/TESTR

(CVPR 2022) Text Spotting Transformers

Primary LanguagePythonApache License 2.0Apache-2.0

TESTR: Text Spotting Transformers

This repository is the official implementations for the following paper:

Text Spotting Transformers

Xiang Zhang, Yongwen Su, Subarna Tripathi, and Zhuowen Tu, CVPR 2022

Getting Started

We use the following environment in our experiments. It's recommended to install the dependencies via Anaconda

  • CUDA 11.3
  • Python 3.8
  • PyTorch 1.10.1
  • Official Pre-Built Detectron2

Installation

Please refer to the Installation section of AdelaiDet: README.md.

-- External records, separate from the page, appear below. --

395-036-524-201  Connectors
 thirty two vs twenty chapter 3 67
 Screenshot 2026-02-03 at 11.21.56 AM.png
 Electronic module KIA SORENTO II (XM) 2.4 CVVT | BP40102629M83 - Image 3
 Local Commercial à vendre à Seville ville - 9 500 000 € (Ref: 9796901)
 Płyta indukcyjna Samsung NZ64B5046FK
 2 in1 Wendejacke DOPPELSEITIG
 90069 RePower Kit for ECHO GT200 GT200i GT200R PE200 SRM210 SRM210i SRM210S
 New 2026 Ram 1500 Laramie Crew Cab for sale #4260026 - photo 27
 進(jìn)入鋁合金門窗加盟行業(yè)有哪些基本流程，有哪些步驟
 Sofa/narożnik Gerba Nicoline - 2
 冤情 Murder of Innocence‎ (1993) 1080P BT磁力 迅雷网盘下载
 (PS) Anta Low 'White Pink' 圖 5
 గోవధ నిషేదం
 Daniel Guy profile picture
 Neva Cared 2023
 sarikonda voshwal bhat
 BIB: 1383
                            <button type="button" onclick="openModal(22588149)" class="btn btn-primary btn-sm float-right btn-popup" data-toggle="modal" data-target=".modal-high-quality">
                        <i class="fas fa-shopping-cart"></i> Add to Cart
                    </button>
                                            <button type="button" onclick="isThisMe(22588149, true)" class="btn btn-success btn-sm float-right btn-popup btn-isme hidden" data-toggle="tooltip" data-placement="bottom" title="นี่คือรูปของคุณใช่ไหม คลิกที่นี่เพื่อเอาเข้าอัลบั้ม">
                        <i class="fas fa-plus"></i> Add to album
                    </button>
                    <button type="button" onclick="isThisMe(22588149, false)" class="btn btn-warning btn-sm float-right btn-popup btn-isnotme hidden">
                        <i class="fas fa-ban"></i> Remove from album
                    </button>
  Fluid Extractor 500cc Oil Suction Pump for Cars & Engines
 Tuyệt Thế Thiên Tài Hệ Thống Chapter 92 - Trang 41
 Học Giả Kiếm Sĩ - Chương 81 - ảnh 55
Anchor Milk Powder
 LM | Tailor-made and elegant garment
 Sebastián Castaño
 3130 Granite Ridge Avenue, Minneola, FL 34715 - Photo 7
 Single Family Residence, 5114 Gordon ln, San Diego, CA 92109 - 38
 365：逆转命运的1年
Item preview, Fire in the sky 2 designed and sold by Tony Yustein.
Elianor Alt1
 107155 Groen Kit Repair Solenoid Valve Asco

If you have not installed Detectron2, following the official guide: INSTALL.md.

After that, build this repository with

python setup.py build develop

Preparing Datasets

Please download TotalText, CTW1500, MLT, and CurvedSynText150k according to the guide provided by AdelaiDet: README.md.

ICDAR2015 dataset can be download via link.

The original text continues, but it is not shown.